Rep. Mario Diaz-Balart, R-Miami, sent a letter this week to Immigration and Customs Enforcement (ICE) stating his opposition to the location of a publicly funded, privately managed immigration detention center to be built in South Florida.
The detention center would be built on land administered by the town of Southwest Ranches and owned by the Corrections Corporation of America, but surrounded by residential areas of Pembroke Pines and unincorporated Broward County.
Diaz-Balart writes: “Although the facility is not located within the Congressional District I represent, I have been approached by residents concerned that the facility will have a detrimental impact on the local and surrounding communities.” According to Diaz-Balart, residents have told him “the facility could affect property value, traffic and noise to the area, utility consumption,” adding that “the potential site is less than five miles away from a dozen schools.”
The congressman writes that until these issues are “appropriately addressed, [he is] opposed to the location of the detention facility.”
Residents of Pembroke Pines and the town of Southwest Ranches have voiced opposition to the federally funded and privately managed detention center since ICE announced it had chosen the Southwest Ranches/Corrections Corporation of America proposal in June. Citizens have even called for the resignation of Southwest Ranches Mayor Jeff Nelson.

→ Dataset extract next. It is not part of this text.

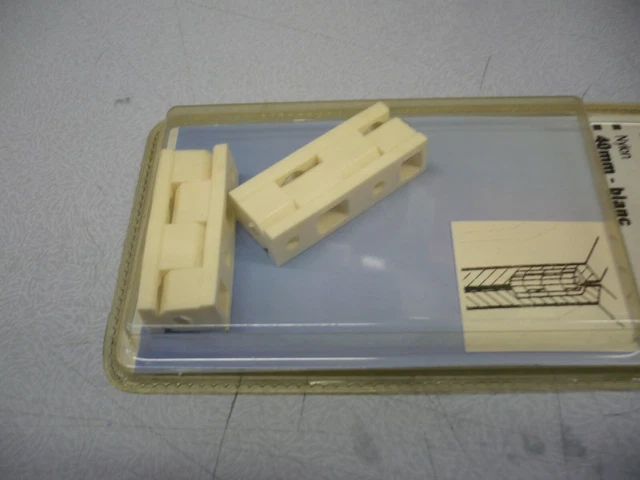 charnière universelle  2 pièces nylon blanc 40 mm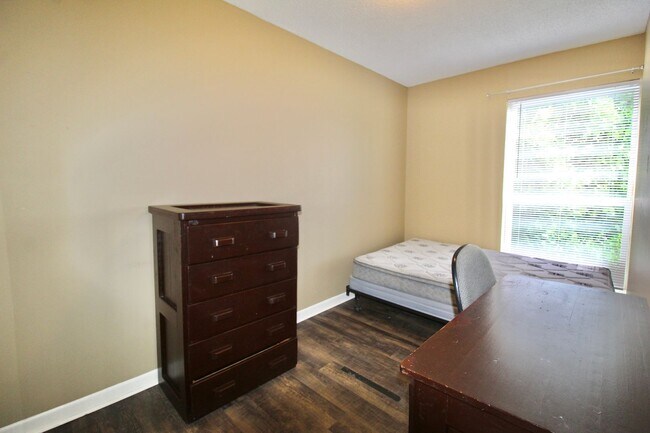 Building Photo - 1342 Hunters Rd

At a town hall meeting held on Nov. 5 in the city of Pembroke Pines, about 250 southwest Broward residents told local and federal officials, as well as prison industry executives, that they don’t want an immigration detention center in their area.
Rep. Debbie Wasserman Schultz, D-Pembroke Pines, represents the district where the detention facility would be built; she said late last week that the center would have the least negative impact on residents and create short-term and long-term jobs.
In an April 2011 letter, Wasserman Schultz and Sen. Bill Nelson, D-Fla., stated their support for “the application by the Town of Southwest Ranches, Florida, in response to the ‘Request for IGSA Concept Proposal: Miami’ issued by the U.S. Immigration and Customs Enforcement.”
According to Deetention Watch Network, Corrections Corporation of America (known as CCA) “operates a total of 14 ICE-contracted facilities with a total of 14,556 beds. In 2009, CCA averaged a daily population of 6,199 detained immigrants.
Detention Watch adds that CCA spent $18 million on federal lobbying “from 1999 to 2009. The bulk of this was between 2003 and 2007, when CCA spent between $2,020,000 and $3,800,000 each year, averaging over $3 million per year.”